Lumajang,- Akhir-akhir ini masyarakat Kabupaten Lumajang disuguhkan beberapa kasus tindak pidana, terutama tindak pidana ringan (tipiring), yang diselesaikan melalui pendekatan Restorative Justice (RJ).
Tidak banyak masyarakat Lumajang yang mengetahui apa itu RJ. RJ merupakan salah satu penegakan hukum dalam penyelesaian perkara pidana. RJ sendiri merupakan penyelesaian perkara di luar pengadilan.
Namun, ada beberapa persyaratan yang harus disugukan, untuk supaya bisa menjalani proses RJ tersebut.
“Jadi, setelah polres mengirim ke kami, sebelum kami limpahkan ke pengadilan, bisa kami hentikan.
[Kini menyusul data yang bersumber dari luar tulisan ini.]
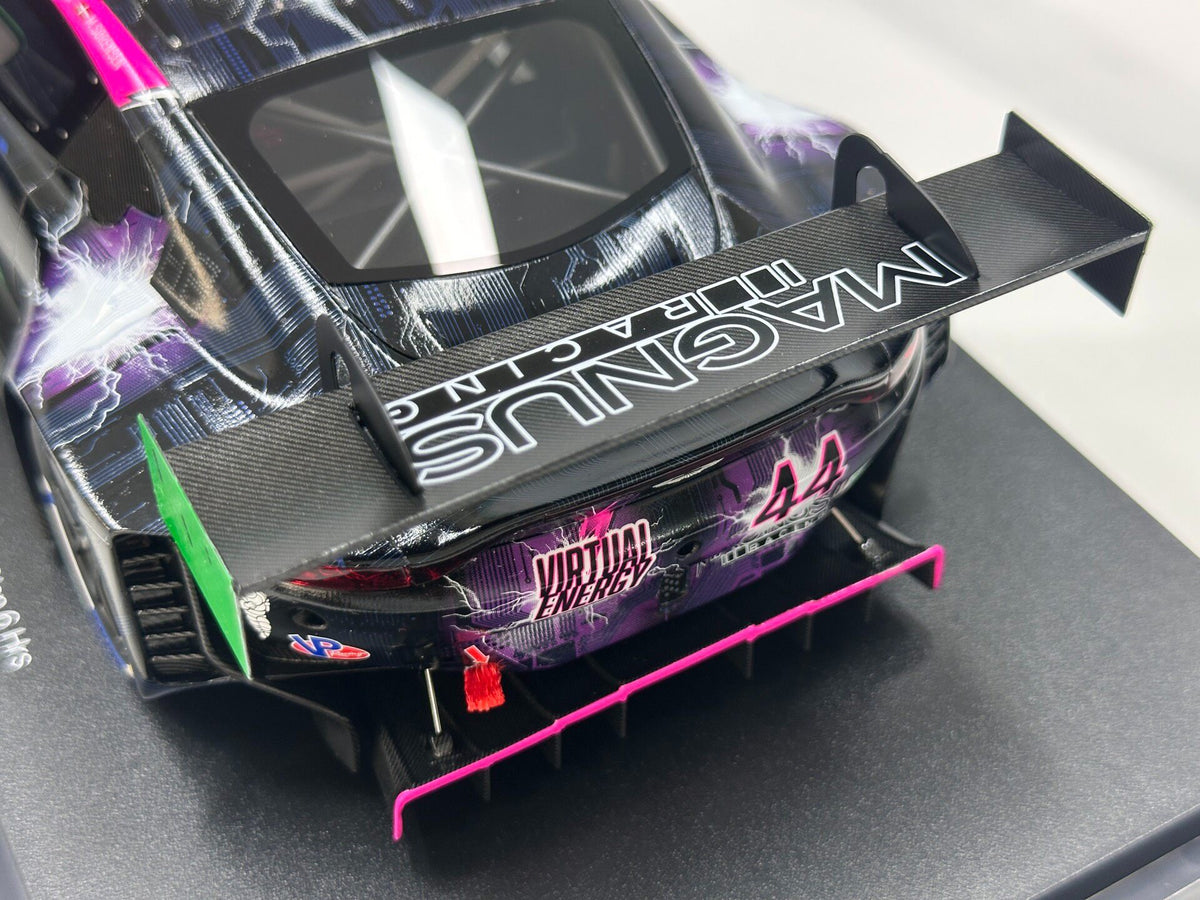 TopSpeed Aston Martin Vantage GT Evo Magnus Racing 1:18 - immagine 8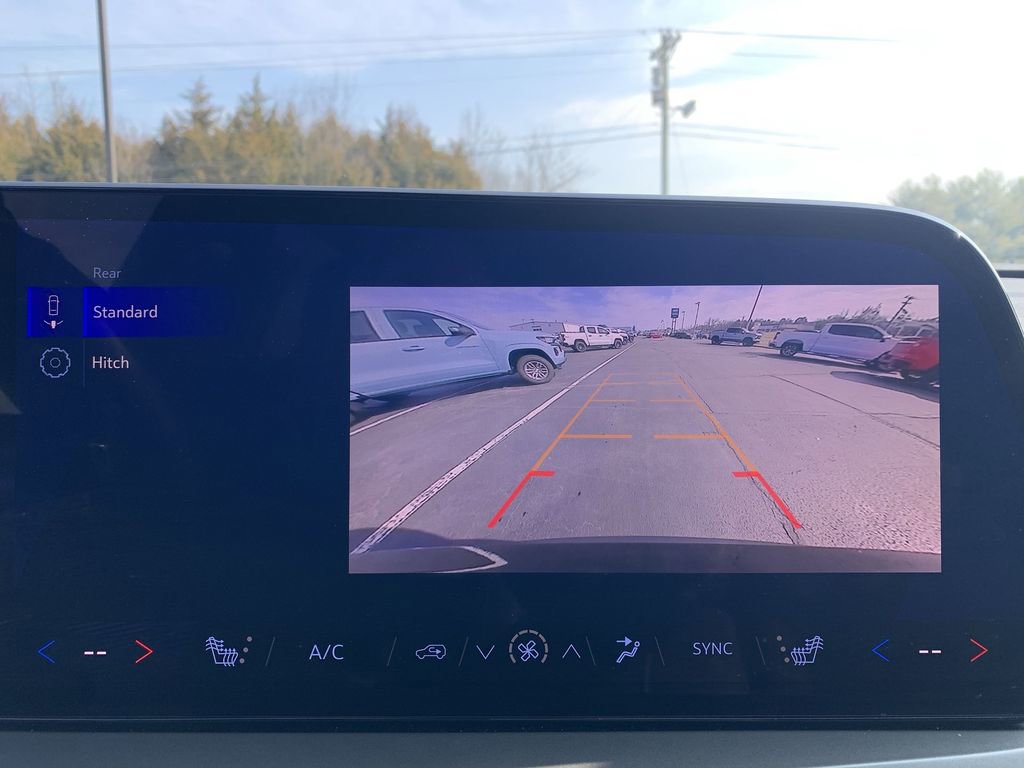 Used 2025 Chevrolet Traverse LT image 23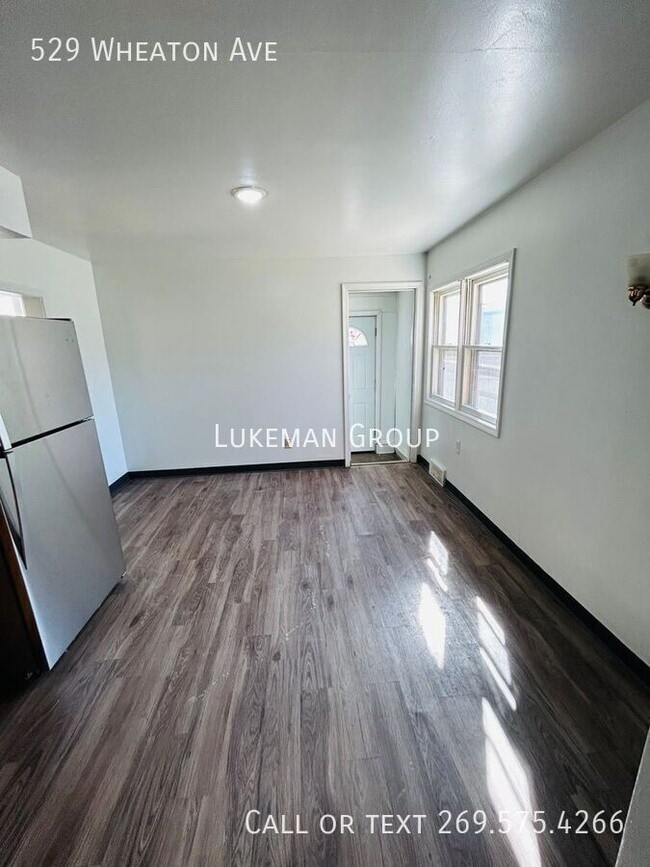 Building Photo - 529 Wheaton Ave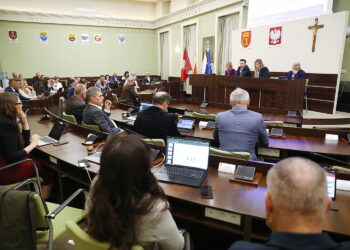 Będzie konsolidacja długu i będą inwestycje. Jest decyzja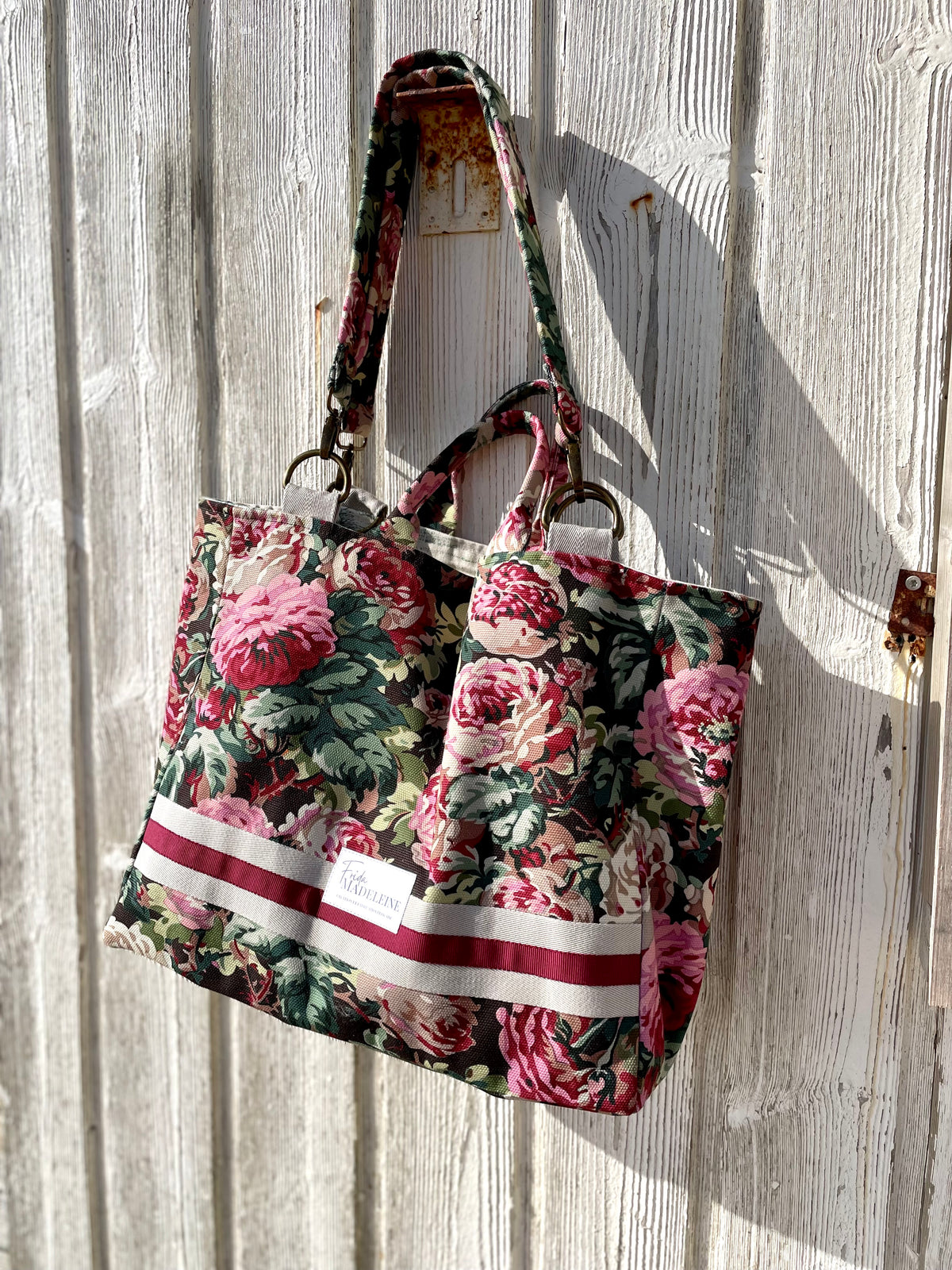 Grand sac cabas Willy Fleurs d'été en tissu fleuri lumineux avec galon signature Frida Madeleine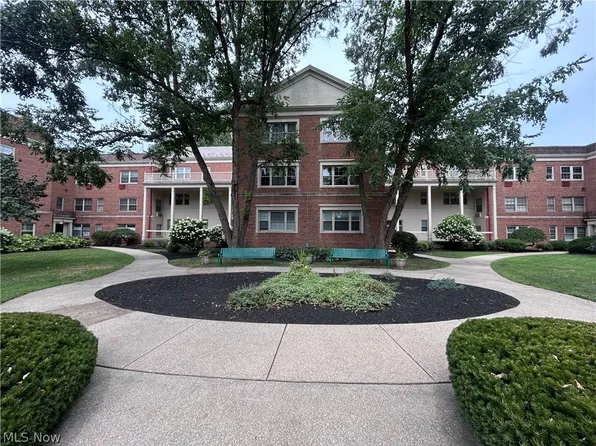 15925 Van Aken Blvd, Cleveland, OH 44120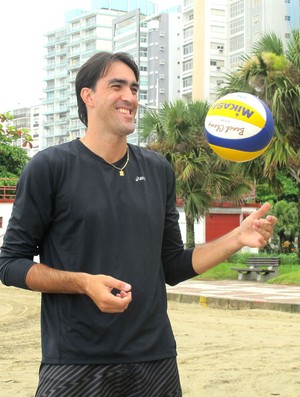 Rodrigão na praia (Foto: Juliana Vieira / GloboEsporte.com)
Tapi ada syaratnya, yakni perkara itu kerugiannya di bawah Rp 2,5 juta, dan ada perdamaian, itu tidak bisa ditahan” kata Kepala Kejaksaan Negeri (Kajari) Lumajang Safi Hadari saat ditemui di kantornya, Kamis (16/11/2023).
“Jadi, perkara tersebut, merupakan perkara kecil. Artinya kita harus punya hati nurani, untuk kita hentikan, bukan faktor lain, itu merupakan program pimpinan kami di Kejaksaan Agung (Kejagung),” katanya.
Sedangkan, kata dia, di tahun ini, sudah ada tiga kasus yang di-RJ-kan oleh Kejari Lumajang. Hal itu dilakukan karena kasus tersebut termasuk dalam program RJ. Sekaligus, menujukkan kalau Kejari Lumajang memiliki Program RJ yang harus masyarakat ketahui.
“Masyarakat Lumajang biar tau, kami juga punya program RJ, yang menyentuh langsung masyarakat kecil yang butuh keadilan. Kalau dulu ada kasus seorang nenek-nenek yang mencuri kayu dan dipidana, sekarang tidak ada lagi pidana yang berkaitan dengan hal itu,” ungkapnya.
Jangankan yang ngambil kayu, dia menegaskan, Kejaksaan Lumajang saat menangani semacam Pasal 480 ke-1 KUHP menyatakan bahwa melakukan perbuatan-perbuatan tertentu.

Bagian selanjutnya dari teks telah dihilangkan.